**EXERCISE REQUIREMENTS:**
An exact copy is needed of the lines in the entries below from the line with "Apartamento з 2 спальними кімнатами" up to and including the line with "3KPFK4A75HE100718 2017 KIA FORTE", and of nothing else. Leave the pictures out.

*** ENTRIES PROVIDED ***

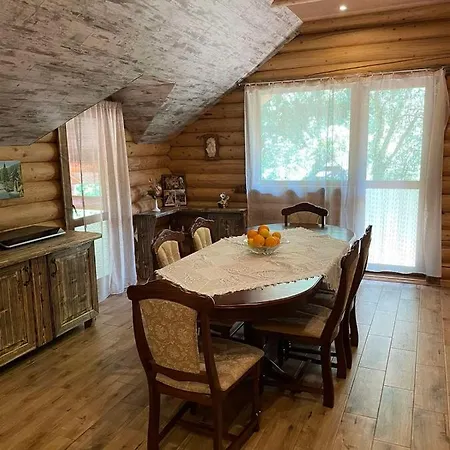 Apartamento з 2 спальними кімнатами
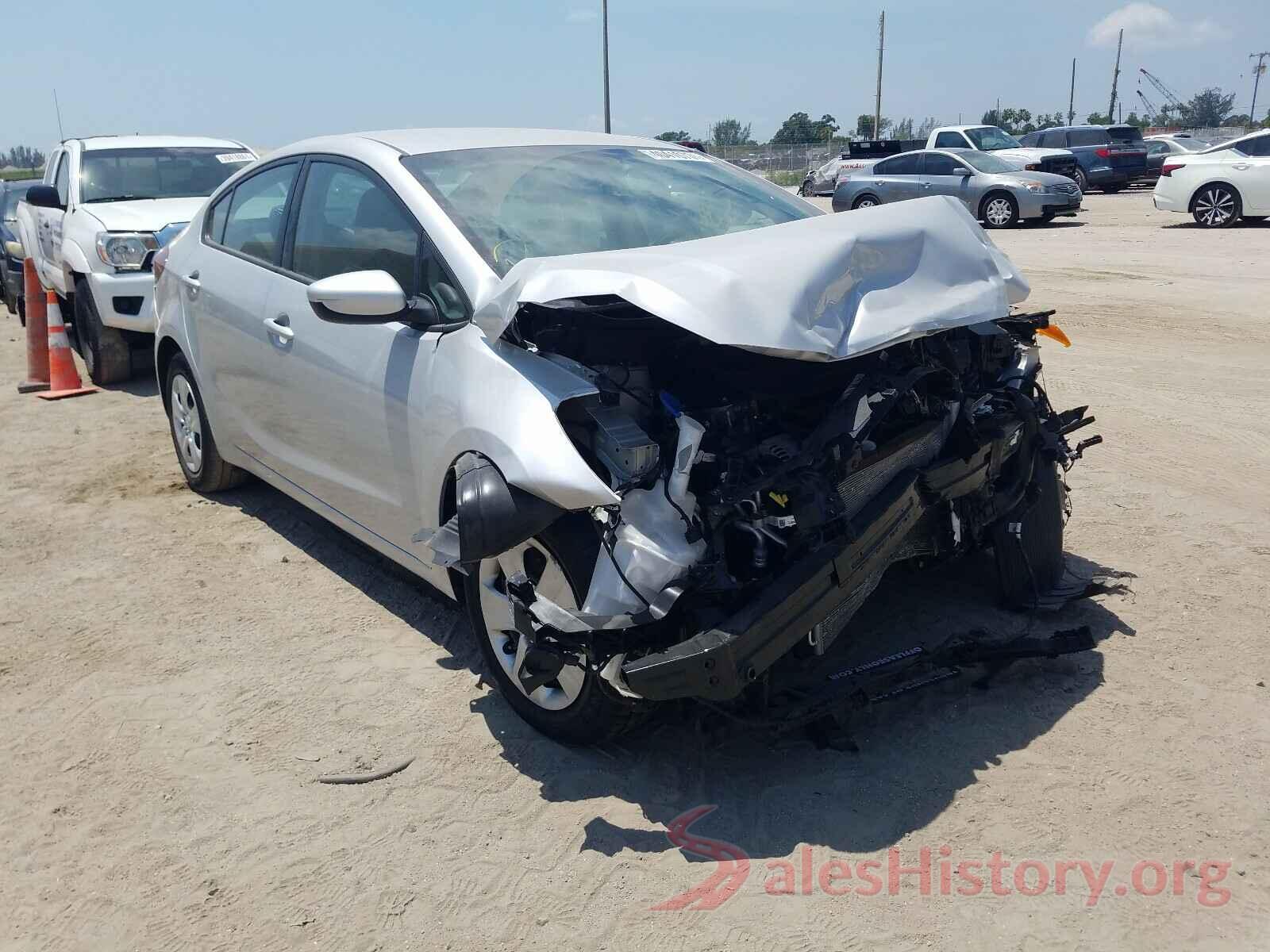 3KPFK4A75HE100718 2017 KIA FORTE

*** End of ENTRIES PROVIDED ***
*** ENTRIES PROVIDED ***

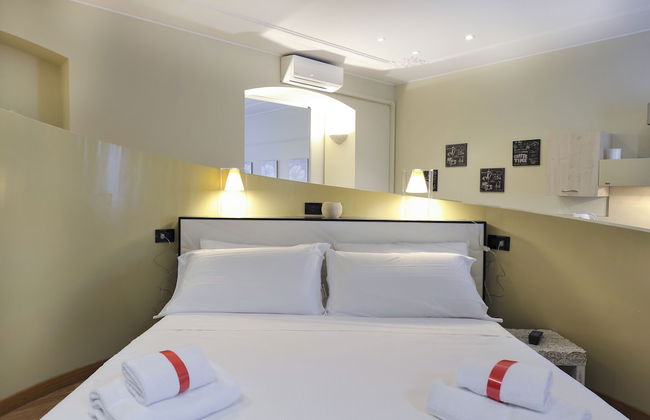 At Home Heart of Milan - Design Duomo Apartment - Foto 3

*** End of ENTRIES PROVIDED ***

**RESULT FOR THIS EXERCISE:**
 Apartamento з 2 спальними кімнатами
 3KPFK4A75HE100718 2017 KIA FORTE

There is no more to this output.